**TRY IT**
Transcribe, without alteration, the line that includes "Talia Brown Velvet" and each line after it until the records end, omitting all that precede it.

Caption-style text data:
● ● ● ● ●

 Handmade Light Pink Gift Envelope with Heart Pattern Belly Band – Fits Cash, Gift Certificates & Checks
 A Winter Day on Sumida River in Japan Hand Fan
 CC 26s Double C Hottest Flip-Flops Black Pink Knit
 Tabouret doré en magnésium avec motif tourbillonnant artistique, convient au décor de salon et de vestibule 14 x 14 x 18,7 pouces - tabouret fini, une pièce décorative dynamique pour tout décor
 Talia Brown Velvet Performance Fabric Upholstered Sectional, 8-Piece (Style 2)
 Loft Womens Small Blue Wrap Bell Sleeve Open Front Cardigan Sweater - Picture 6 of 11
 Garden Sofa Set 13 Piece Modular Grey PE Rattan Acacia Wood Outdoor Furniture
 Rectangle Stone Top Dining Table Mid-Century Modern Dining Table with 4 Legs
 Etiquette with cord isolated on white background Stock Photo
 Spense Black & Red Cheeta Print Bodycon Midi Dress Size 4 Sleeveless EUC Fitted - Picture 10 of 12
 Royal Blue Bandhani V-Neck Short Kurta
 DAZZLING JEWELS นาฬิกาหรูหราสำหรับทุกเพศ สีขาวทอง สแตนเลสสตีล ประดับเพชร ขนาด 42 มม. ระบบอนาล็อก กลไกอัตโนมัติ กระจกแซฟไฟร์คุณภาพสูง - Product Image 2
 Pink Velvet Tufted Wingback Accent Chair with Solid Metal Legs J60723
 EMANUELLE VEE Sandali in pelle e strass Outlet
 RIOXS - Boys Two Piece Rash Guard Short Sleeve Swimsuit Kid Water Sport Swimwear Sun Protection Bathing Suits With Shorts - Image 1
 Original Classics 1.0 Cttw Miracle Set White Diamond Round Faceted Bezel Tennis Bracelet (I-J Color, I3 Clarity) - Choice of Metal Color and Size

● ● ● ● ●

**WRITTEN SOLUTION**
 Talia Brown Velvet Performance Fabric Upholstered Sectional, 8-Piece (Style 2)
 Loft Womens Small Blue Wrap Bell Sleeve Open Front Cardigan Sweater - Picture 6 of 11
 Garden Sofa Set 13 Piece Modular Grey PE Rattan Acacia Wood Outdoor Furniture
 Rectangle Stone Top Dining Table Mid-Century Modern Dining Table with 4 Legs
 Etiquette with cord isolated on white background Stock Photo
 Spense Black & Red Cheeta Print Bodycon Midi Dress Size 4 Sleeveless EUC Fitted - Picture 10 of 12
 Royal Blue Bandhani V-Neck Short Kurta
 DAZZLING JEWELS นาฬิกาหรูหราสำหรับทุกเพศ สีขาวทอง สแตนเลสสตีล ประดับเพชร ขนาด 42 มม. ระบบอนาล็อก กลไกอัตโนมัติ กระจกแซฟไฟร์คุณภาพสูง - Product Image 2
 Pink Velvet Tufted Wingback Accent Chair with Solid Metal Legs J60723
 EMANUELLE VEE Sandali in pelle e strass Outlet
 RIOXS - Boys Two Piece Rash Guard Short Sleeve Swimsuit Kid Water Sport Swimwear Sun Protection Bathing Suits With Shorts - Image 1
 Original Classics 1.0 Cttw Miracle Set White Diamond Round Faceted Bezel Tennis Bracelet (I-J Color, I3 Clarity) - Choice of Metal Color and Size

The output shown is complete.